Know Where Your Job Postings Are
There are a lot of job boards and other resources for you to get news of job openings to potential new hires. At first glance, it may seem like taking advantage of as many of these resources as possible is the best way to reach the most people. However, if you use too many job boards, you run the risk of losing track of where all your postings are and whether anyone has shown interest in them. Instead of posting jobs in as many places as possible, choose no more than three or four locations to advertise job openings. Most serious applicants will check for postings in multiple places, so they are still likely to see your available positions.
Write Precise Postings
Create job postings that are clear, specific and to the point. Describe the job you are hiring for, and be explicit about the skills, work experience and abilities you expect applicants to have. This ensures that more applicants who are what you are looking for will apply, saving everyone from wasting time and effort. Additionally, make sure your posting includes instructions about how to apply for a job, including the name of the person resume and inquires should be submitted to and your preferred format for documents.
Make Use of Social Media
Social media is a great tool for keeping in touch with qualified professionals in your industry. Imagine that you have found the perfect applicant for your company bu you don’t have a position to offer him or her at the moment. Take the applicant’s contact information and keep in touch on a social media platform that works for you both. When a position comes open, you can then use social media to ensure that your preferred applicant sees the job posting.

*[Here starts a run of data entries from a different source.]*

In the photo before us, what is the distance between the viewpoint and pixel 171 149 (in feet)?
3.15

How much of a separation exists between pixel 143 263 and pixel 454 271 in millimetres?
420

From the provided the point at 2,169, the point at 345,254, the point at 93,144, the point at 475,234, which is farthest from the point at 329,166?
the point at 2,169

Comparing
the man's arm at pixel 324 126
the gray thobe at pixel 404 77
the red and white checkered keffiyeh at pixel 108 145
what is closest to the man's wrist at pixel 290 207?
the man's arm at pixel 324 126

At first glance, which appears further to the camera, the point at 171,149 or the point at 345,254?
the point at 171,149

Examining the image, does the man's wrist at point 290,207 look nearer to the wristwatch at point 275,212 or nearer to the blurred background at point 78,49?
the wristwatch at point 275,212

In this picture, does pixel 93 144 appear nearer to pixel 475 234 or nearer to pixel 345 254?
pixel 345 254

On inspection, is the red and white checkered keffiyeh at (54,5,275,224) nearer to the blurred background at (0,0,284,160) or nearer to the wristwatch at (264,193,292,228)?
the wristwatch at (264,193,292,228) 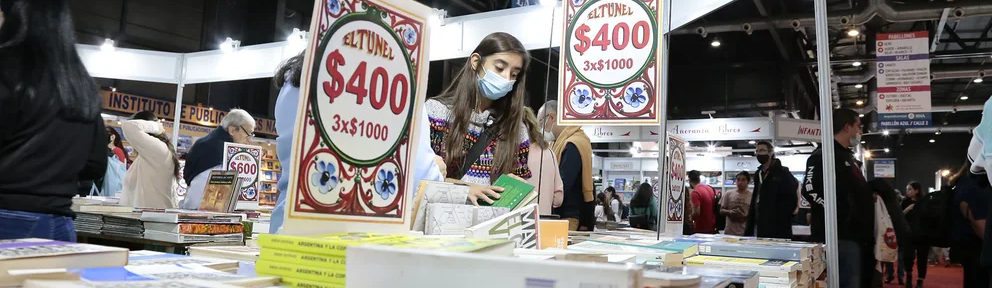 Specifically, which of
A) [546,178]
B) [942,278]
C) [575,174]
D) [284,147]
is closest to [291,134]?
[284,147]

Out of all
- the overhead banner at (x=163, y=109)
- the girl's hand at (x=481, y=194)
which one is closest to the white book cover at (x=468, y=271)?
the girl's hand at (x=481, y=194)

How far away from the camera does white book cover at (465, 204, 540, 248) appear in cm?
133

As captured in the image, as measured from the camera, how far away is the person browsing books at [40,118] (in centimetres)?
149

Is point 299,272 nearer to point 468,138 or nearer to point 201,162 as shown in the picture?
point 468,138

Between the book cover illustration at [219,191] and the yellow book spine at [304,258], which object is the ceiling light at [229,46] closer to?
the book cover illustration at [219,191]

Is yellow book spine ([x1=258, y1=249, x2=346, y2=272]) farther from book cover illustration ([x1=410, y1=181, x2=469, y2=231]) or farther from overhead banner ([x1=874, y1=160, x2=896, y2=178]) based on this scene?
overhead banner ([x1=874, y1=160, x2=896, y2=178])

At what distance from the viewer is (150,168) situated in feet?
12.8

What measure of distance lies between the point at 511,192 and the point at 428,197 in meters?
0.32

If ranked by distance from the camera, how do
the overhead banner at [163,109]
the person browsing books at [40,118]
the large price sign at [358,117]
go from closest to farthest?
the large price sign at [358,117]
the person browsing books at [40,118]
the overhead banner at [163,109]

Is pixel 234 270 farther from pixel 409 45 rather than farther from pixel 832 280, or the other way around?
pixel 832 280

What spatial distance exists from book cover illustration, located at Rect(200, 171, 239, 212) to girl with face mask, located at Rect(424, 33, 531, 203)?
1465mm

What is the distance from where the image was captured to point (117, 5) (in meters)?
10.5

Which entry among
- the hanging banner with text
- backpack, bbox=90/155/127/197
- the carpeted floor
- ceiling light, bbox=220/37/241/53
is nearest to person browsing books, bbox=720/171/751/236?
the carpeted floor

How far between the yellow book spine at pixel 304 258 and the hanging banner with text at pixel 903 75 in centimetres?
1061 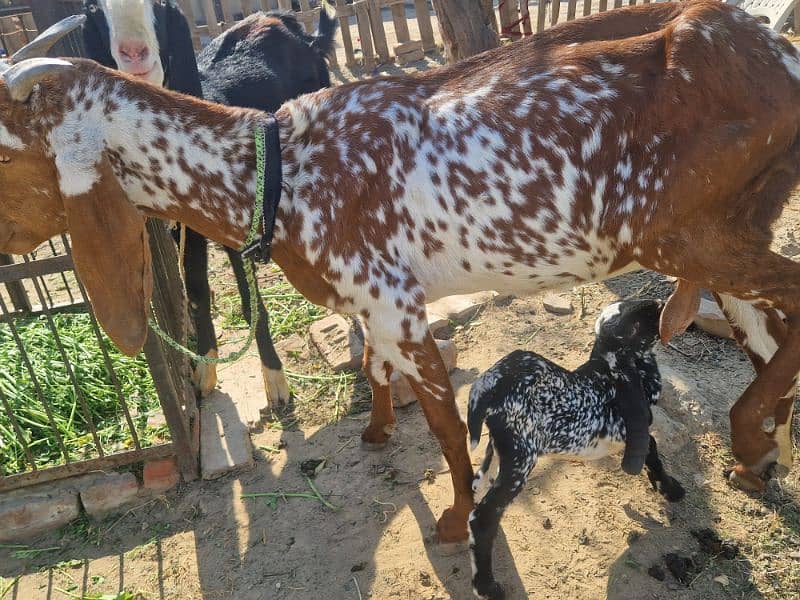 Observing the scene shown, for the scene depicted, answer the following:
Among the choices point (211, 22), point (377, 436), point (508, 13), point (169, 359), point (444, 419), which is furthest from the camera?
point (211, 22)

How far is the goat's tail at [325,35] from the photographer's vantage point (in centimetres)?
628

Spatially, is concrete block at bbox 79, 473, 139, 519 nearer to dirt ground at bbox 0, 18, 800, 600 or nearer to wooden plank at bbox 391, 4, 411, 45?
dirt ground at bbox 0, 18, 800, 600

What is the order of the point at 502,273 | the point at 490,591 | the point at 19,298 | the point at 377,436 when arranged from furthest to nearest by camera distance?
1. the point at 19,298
2. the point at 377,436
3. the point at 502,273
4. the point at 490,591

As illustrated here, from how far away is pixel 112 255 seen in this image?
293cm

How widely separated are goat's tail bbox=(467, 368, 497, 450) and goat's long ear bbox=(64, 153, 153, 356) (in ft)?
5.00

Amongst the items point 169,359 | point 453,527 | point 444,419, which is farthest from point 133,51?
point 453,527

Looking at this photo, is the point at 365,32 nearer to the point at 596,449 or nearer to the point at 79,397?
the point at 79,397

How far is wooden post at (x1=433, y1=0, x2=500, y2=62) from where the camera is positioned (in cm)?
600

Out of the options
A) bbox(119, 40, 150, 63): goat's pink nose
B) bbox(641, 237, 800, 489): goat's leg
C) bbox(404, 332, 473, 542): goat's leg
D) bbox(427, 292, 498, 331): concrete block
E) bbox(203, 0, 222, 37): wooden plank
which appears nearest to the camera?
bbox(641, 237, 800, 489): goat's leg

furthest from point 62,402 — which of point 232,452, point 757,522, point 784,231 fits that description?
point 784,231

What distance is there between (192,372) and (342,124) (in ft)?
8.01

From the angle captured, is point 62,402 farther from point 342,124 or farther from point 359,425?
point 342,124

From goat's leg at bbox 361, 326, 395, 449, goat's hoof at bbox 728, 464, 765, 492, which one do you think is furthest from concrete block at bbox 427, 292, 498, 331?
goat's hoof at bbox 728, 464, 765, 492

Get Feedback from New Hires
Find out directly from your new hires whether the process was easy to navigate. Distribute a survey or conduct an informal interview with new hires asking them directly what worked and what didn’t about the hiring process. If you consistently here about the same issues, consider tweaking your hiring process to make it more user friendly. Be aware of the link between your hiring process and hard labor. For more information about simplifying and perfecting your hiring process, consult the resources at Mighty Recruiter.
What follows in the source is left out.